Harry Edwards was born in St. Louis, Missouri and  grew up in East St. Louis, Illinois.  He attended East St. Louis Senior High , graduated in 1960,  and after a semester at Fresno City College in Fresno , California was awarded an athletic scholarship to San Jose State University from which he graduated in 1964 with high honors.  He subsequently was on the draft boards of professional football and basketball teams as well as being   awarded a Woodrow Wilson Fellowship and a University Fellowship to Cornell University. He chose to attend Cornell  where he completed M.A. and a Ph.D. degrees in sociology.  He was on the faculty of California at Berkeley from 1970 – 2000 and currently is Professor Emeritus in the UC  Department of Sociology.

From 1992 through 2001, Dr. Edwards was a consulting inmate counselor at the San Francisco County Jail at San Bruno, California and periodically worked with inmate programs at California’s San Quentin State Prison.  From 2001 through 2003, Dr. Edwards was Director of the Department of Parks and Recreation for the City of Oakland, California.

Dr. Edwards also has a long and storied history of activism focused upon developments at the interface of sport, race, and society.  The combination of his experiences as an African-American, as an athlete , and his training in the discipline of sociology was at the foundation of his stipulation in the late 1960’s that America had persistently accommodated  issues of inequity and discrimination in sports no less than in society . He ultimately called for Black athlete protests and a boycott of the United States 1968 Olympic team in large part to dramatize  the racial inequities and barriers confronting Blacks in both sport and society.  The movement resulted in both demonstrations and boycotts by Black athletes of sports events across the nation ultimately involving  the Mexico City Olympic games – the most dramatic protest of which is commemorated by a 24-foot high statue of Tommie Smith and John Carlos on the campus at San Jose State University.  

By the onset of the 1980’s , much of his perspective on the state of sport in society had been widely accepted even within the sports establishment and  Dr. Edwards was a highly sought after consultant on issues of diversity for all three major sports.  He was hired by the Commissioner of Major League Baseball in 1987 to help with efforts to increase front office representation of minorities and women in baseball.  He also worked with the Golden State Warriors of the NBA from 1987 through 1995, specializing in player personnel recruitment, development,  and counseling.  In 1986, he began work with the San Francisco 49ers in the area of player personnel counseling and program development . The programs and methods that he and HOF Coach Bill Walsh  developed for handling player personnel issues were adopted by the entire NFL in 1992, as was their Minority Coaches’ Internship Program developed and instituted to increase opportunities for minority coaches in the NFL.
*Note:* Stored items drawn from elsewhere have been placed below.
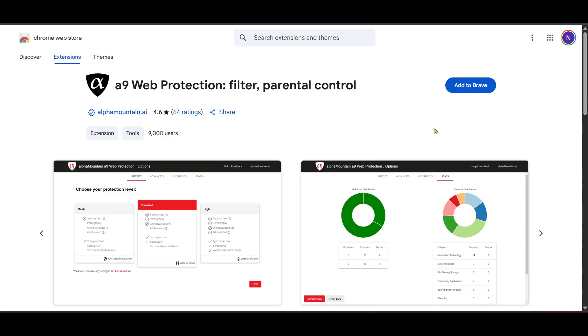And there you have it, that's how you set up supervision in a Google account for Gmail. Taking these steps is crucial for maintaining oversight and ensuring a safe digital environment for younger users. Remember every step you take enhances the digital safety of those under your supervision.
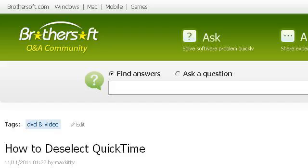Try also our second-ranked site ASK.Brothersoft.com, especially the page How to Deselect QuickTime, QuickTime Q&A. This is the link.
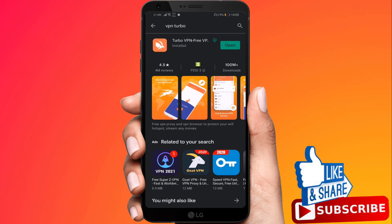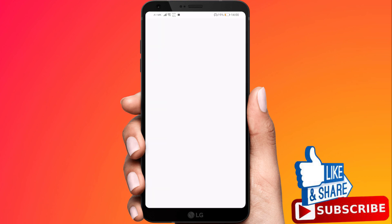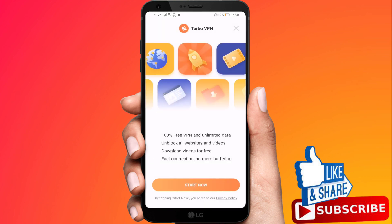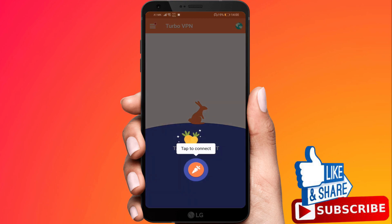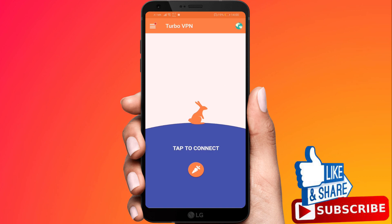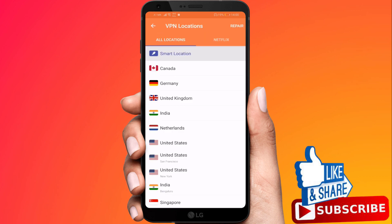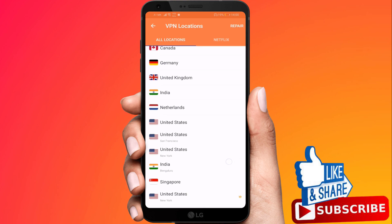Open it. Next, you want to click on the top right corner to select the country. For example, I will select United States.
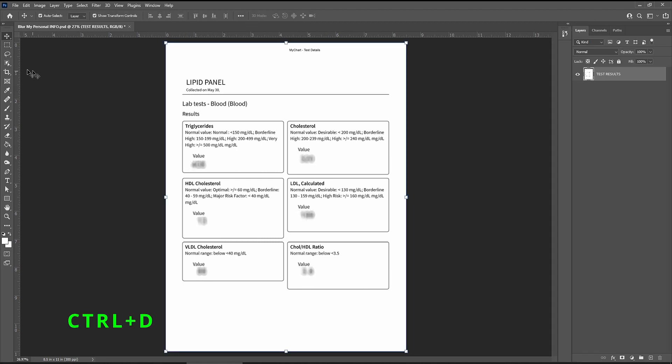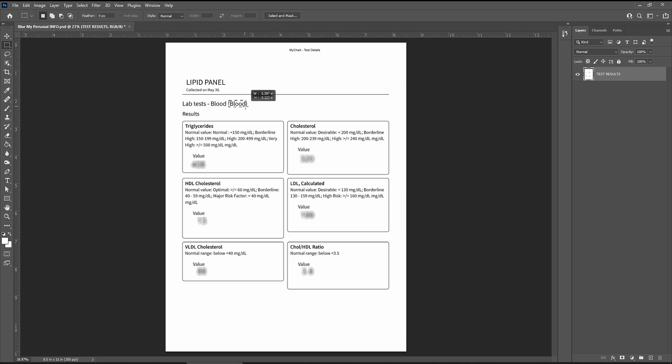Control D clears the selections. There's a shortcut now for this document to make more blurs.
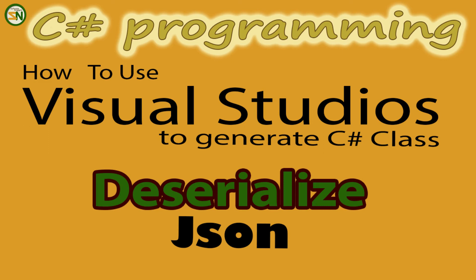Hey team, welcome back to my channel. In this video, we're going to be using Visual Studio to generate a C# class object to deserialize JSON. Hope you enjoy this video.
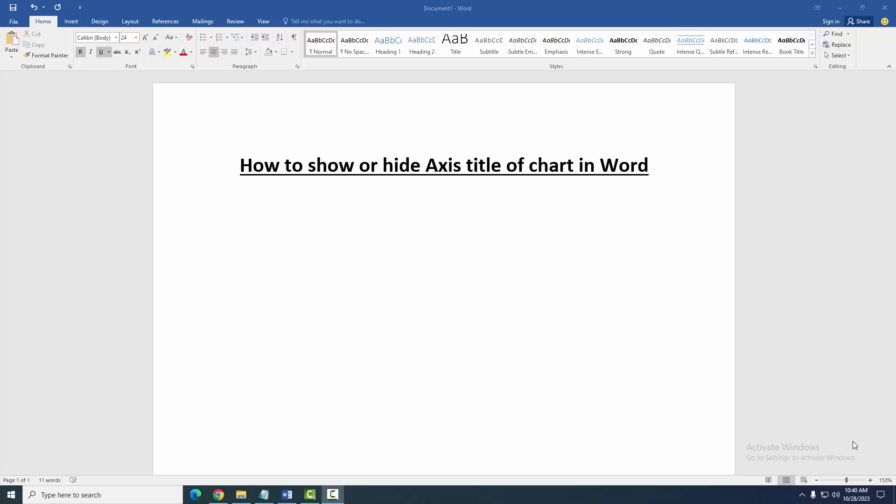Assalamualaikum, hello friends, how are you? Welcome back to another video. In this video I am going to show you how to change axis title of chart in Microsoft Word. Let's get started.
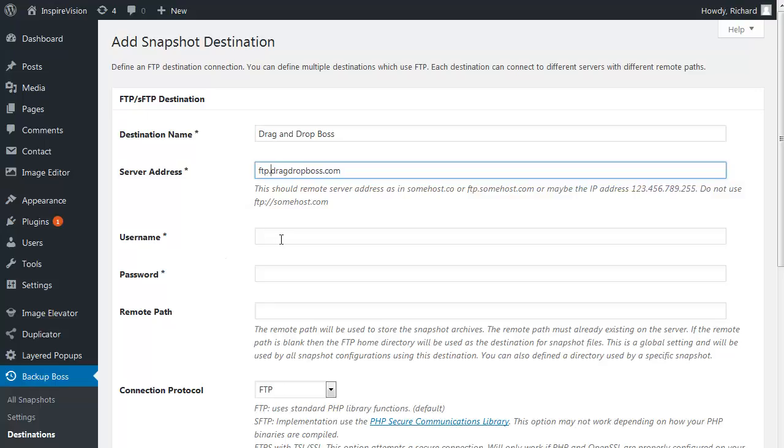Next, you need to specify the username and password. Unless you have created a specialized username and password for your FTP account, that is typically the same username and password that you use for your cPanel access.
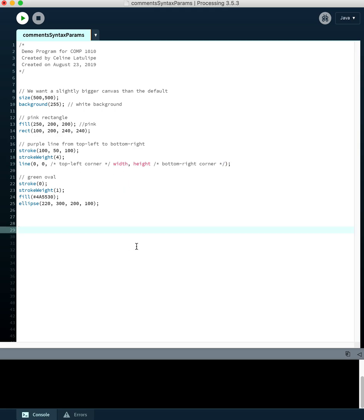Commenting can be really helpful to make your program easier for people to understand. Generally you want to put some comments above each section of code to describe what that section is doing, a general comment at the top of the program describing who wrote it and what it's for, and then comments anywhere something might be hard to understand.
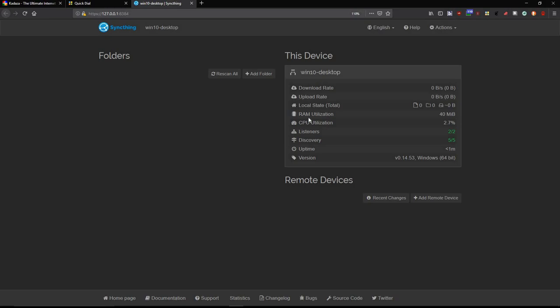You can see here from the statistics that you can look at the download rate, RAM utilization. CPU is very low, 2.7%. It's remarkable. It discovers devices on the network, so any device that has SyncThing installed, it'll look at that device and bring it up as a potential sharing device. The GUI is an HTTPS website at localhost port 8384, and that's how it communicates. So this is SyncThing. It's running now on Windows 10.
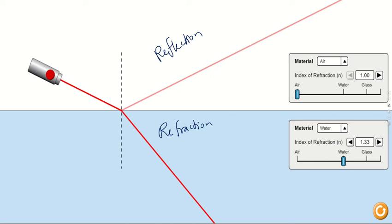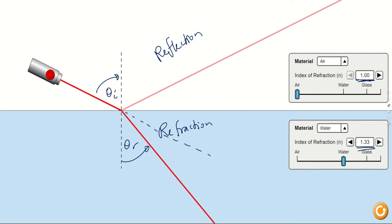The refractive index of air is 1 and the refractive index of water is 1.33, so water is more dense. Looking at this diagram, theta_i is visibly bigger than theta_r. The refracted ray has bent itself closer to the normal — if we drew where the light should continue, you can see the bending toward the normal, which illustrates everything we've covered with Snell's Law.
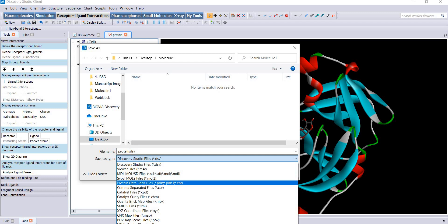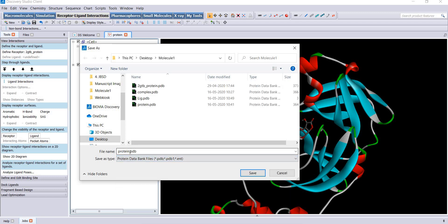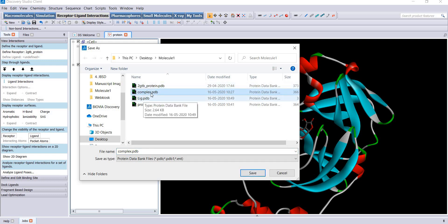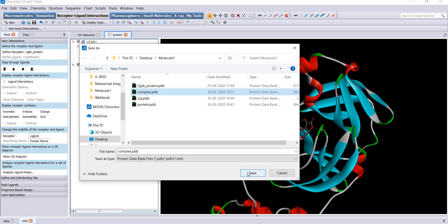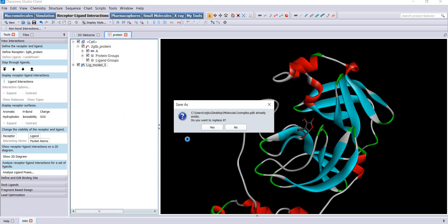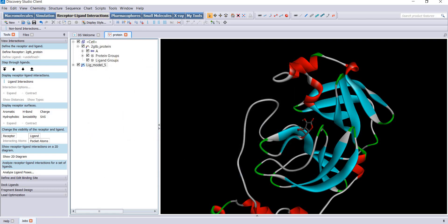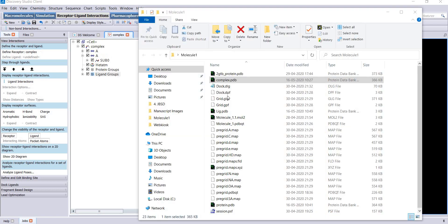Here is your file complex.pdb. It can be used for LigPlot analysis later.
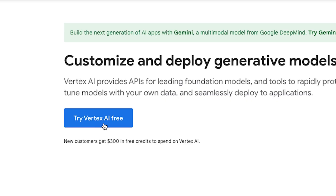It's free to use right now within limits and will be competitively priced. It comes with a range of features like function calling, embeddings, semantic retrieval, custom knowledge grounding, and chat functionality.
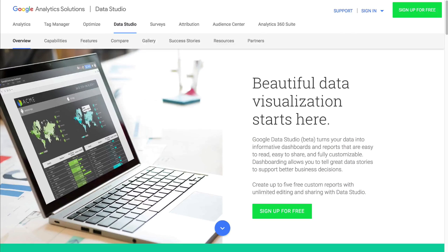We'll jump into Google Data Studio in just a moment, but I wanted to highlight the key benefit of using Google Data Studio over the standard reports or the dashboard options inside Google Analytics. We're creating something that's very dynamic — with the dashboarding options, we can add things like a date range selector so that when people are engaging with the dashboard, they can manipulate the data in a live scenario.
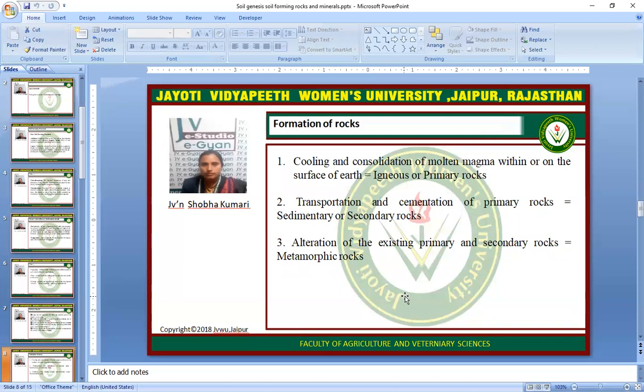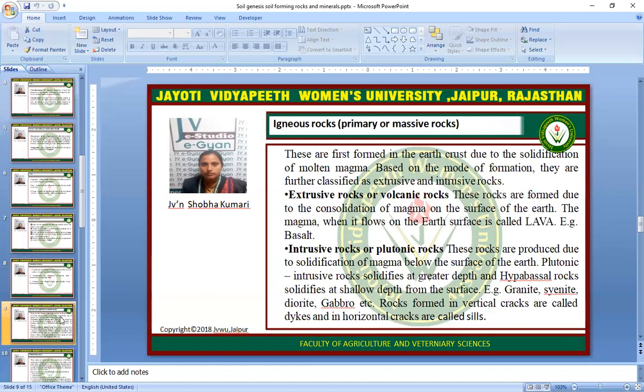Formation of rocks: First, cooling and consolidation of molten magma within or on the surface of earth produces igneous or primary rocks. Second, transportation and cementation of primary rocks produces sedimentary rocks, also known as secondary rocks. Third, alteration of existing primary or secondary rocks produces metamorphic rocks. These are the three types of rocks: primary, secondary, and metamorphic.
Over his career, Harry Edwards has persisted in efforts to compel the sports establishment to confront and to effectively address issues pertaining to diversity and equal opportunity within its ranks.  Edwards, a scholar-activist who became spokesperson for what amounted to a revolution in sports, is now considered the leading authority on developments at the interface of race, sport, and society and was a pioneering scholar in the founding of the “Sociology of Sport“ as an academic discipline. Dr. Edwards’ career-long dedication to teaching and education has been memorialized with the establishment of the   “Dr. Harry Edwards Follow Your Bliss Award” by the San Francisco Forty Niners Professional Football Organization to honor outstanding teachers. He is also an inductee into the “Academic All-America Hall of Fame”. In Dublin, Ireland , UNESCO and a consortium of international sports organizations, scholars ,and faculty have created the “ Dr. Harry Edwards International Foundation On Sport And Social Change “..

Dr. Edwards has been a consultant with producers of sports related programs for numerous television and film productions in the United States and abroad over the last 50 years. He has been nominated for two Emmy Awards:  for Showtime’s “The Stage” and for NFL Films , “A Letter To Bill Walsh”.  The feature length Netflix film, “High Flying Bird”, is based upon his book, “The Revolt of the Black Athlete “, a film in which he made a cameo appearance. Dr. Edwards has received dozens of awards and honors, including several honorary doctorate degrees and he was honored by the University of Texas when it established the “Dr. Harry Edwards Lectures”, a series of invited lectures on themes related to sport and society.  He has written scores of articles and four books:  The Struggle That Must Be, Sociology of Sports, Black Students, The Revolt of the Black Athlete. He  has been married for 54 years to his wife  Sandra , and they have two daughters, a son, and two grandsons.